▶ [Work item] Taking the entries below, transcribe only the lines starting with the one with "Melissa Masse sequin" and going on through the one with "Black/White Plastic CNC", exactly as written, without the pictures.

▶ [Records to process]
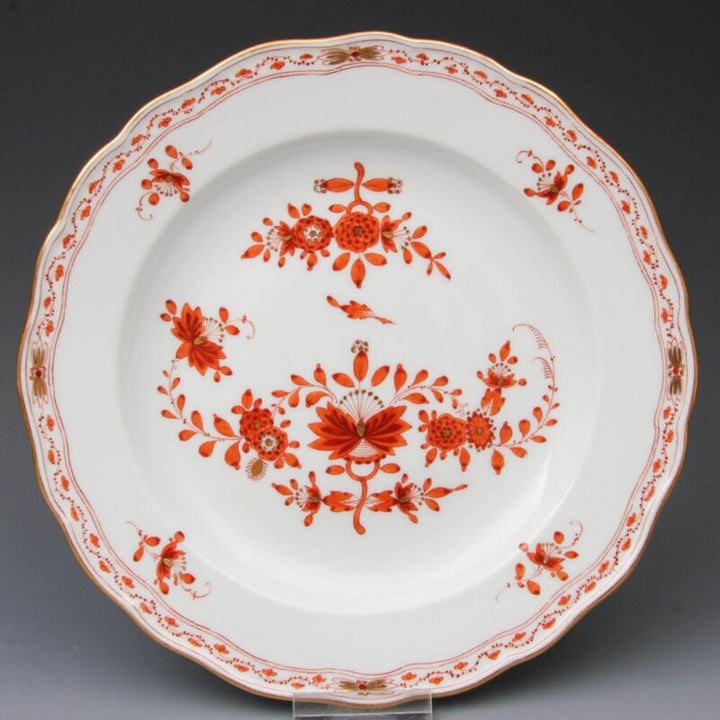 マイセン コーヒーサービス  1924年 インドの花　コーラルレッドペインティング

---

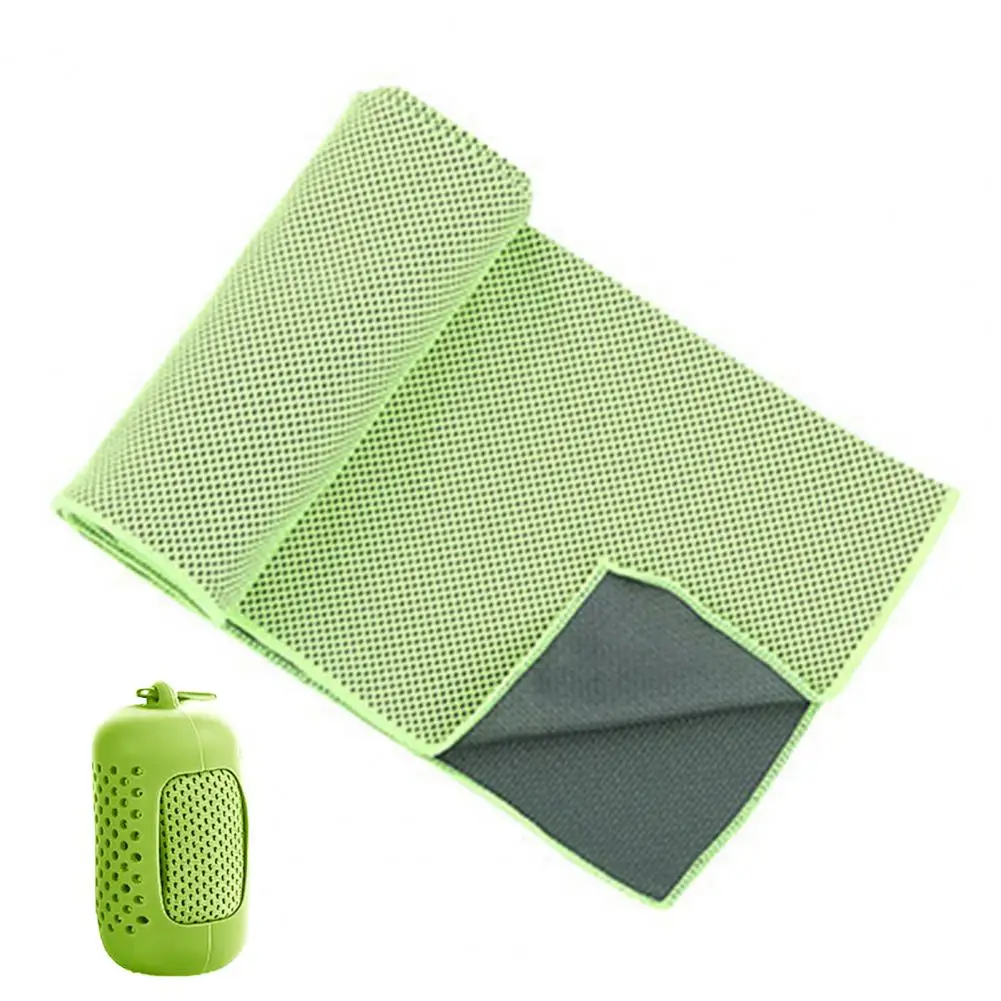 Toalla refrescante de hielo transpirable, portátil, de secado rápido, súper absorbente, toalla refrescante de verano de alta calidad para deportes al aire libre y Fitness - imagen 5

...

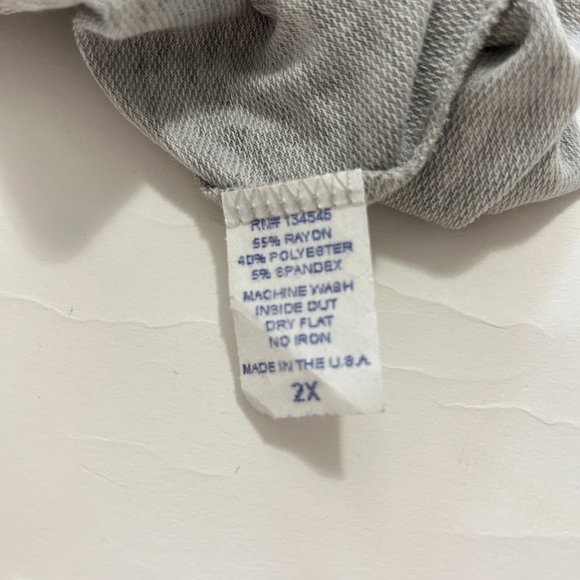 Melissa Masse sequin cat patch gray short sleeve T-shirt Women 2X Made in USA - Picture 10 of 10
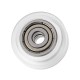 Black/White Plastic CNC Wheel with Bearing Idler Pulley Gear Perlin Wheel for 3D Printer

▶ [Exercise response]
 Melissa Masse sequin cat patch gray short sleeve T-shirt Women 2X Made in USA - Picture 10 of 10
 Black/White Plastic CNC Wheel with Bearing Idler Pulley Gear Perlin Wheel for 3D Printer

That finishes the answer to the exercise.